Given some thought the numerical arrangement for divisional units may perhaps be discernible here, but contemporaries at the outset found the system difficult to understand. In August, 1917, the War Department assigned Generals Hulen and Hutchings as commanders of the "70th" and "61st" Infantry Brigades. Early in September it was announced by Lieutenant Colonel Williams that Hulen and Hutchings would command the "71st" and "70th" Infantry Brigades, respectively. Finally, the matter was cleared up and Hutchings was given the 71st and Hulen the 72nd. Blakely was from the beginning assigned to the 61st Field Artillery Brigade and Hoffman to the 61st Depot Brigade.

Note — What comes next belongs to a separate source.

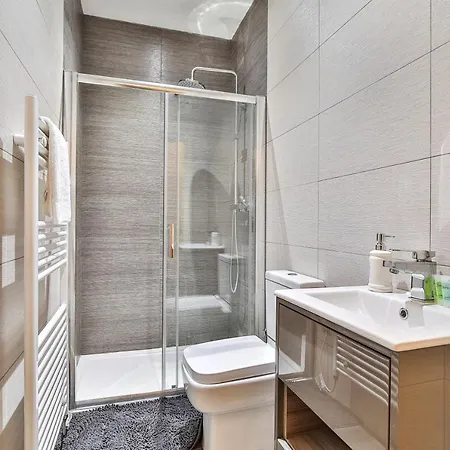 Apartment Dreamz -new Stylish And Modern Flat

[31] The formal organization of many divisions, including the 36th, wag delayed because the War Department was dilatory in making copies of the divisional tables containing the details of their composition available to commanders. At Camp Bowie Greble ordered a temporary arrangement on September 1 placing the 1st, 5th, 6th, and 7th Regiments of Texas Infantry and the 1st Regiment of Texas Cavalry in the "70th" (71st) Infantry Brigade under Hutchings; the 2nd, 3rd, and 4th Regiments of Texas Infantry in the "71st" (72nd) Infantry Brigade under Hulen; the Texas artillery and several miscellaneous units in the 61st Field Artillery Brigade under Blakely; and the 1st Regiment of Oklahoma Infantry and remaining miscellaneous units in the 61st Depot Brigade under Hoffman. Shortly afterwards the 7th Regiment of Texas Infantry was shifted to Hoffman. Hutchings, Hulen, and Hoffman’s commands were commonly known at Camp Bowie as the 1st, 2nd, and 3rd Brigades.7

After receiving a copy of the table with the exact information needed, Greble together with Williams and other officers formulated a plan for the organization of the 36th. Before it was finally completed, or ordered into effect, Greble, accompanied by Williams, Houghton, and two enlisted men, left the post in accordance with General Pershing’s policy of bringing divisional training camp commanders to Europe for a tour of the Western Front. Thus it was left to General Blakely, four days later, on September 23, as acting divisional commander, to order the transfers of old units to the new. Both the organization of the division and the relocation of units necessitated thereby were to be completed by October 1, 1917.

In accordance with Blakely’s order, the 71st Infantry Brigade, consisting of the 141st and 142nd Regiments and the 132nd Machine Gun Battalion, was formed from the 1st, 2nd and 7th Regiments of Texas Infantry and the 1st Regiment of Oklahoma Infantry. The 72nd Infantry Brigade, composed of the 143rd and 144th Regiments and the 133rd Machine Gun Battalion, was taken from the 3rd, 4th, 5th and 6th Regiments of Texas Infantry and the 1st Regiment of Texas Cavalry. The 61st Field Artillery Brigade, constituted of the 131st, 132nd, and 133rd Regiments and the 111th Trench Mortar Battery, originated from the 1st and 2nd Regiments of Texas Field Artillery and the 1st Regiment of Texas Cavalry.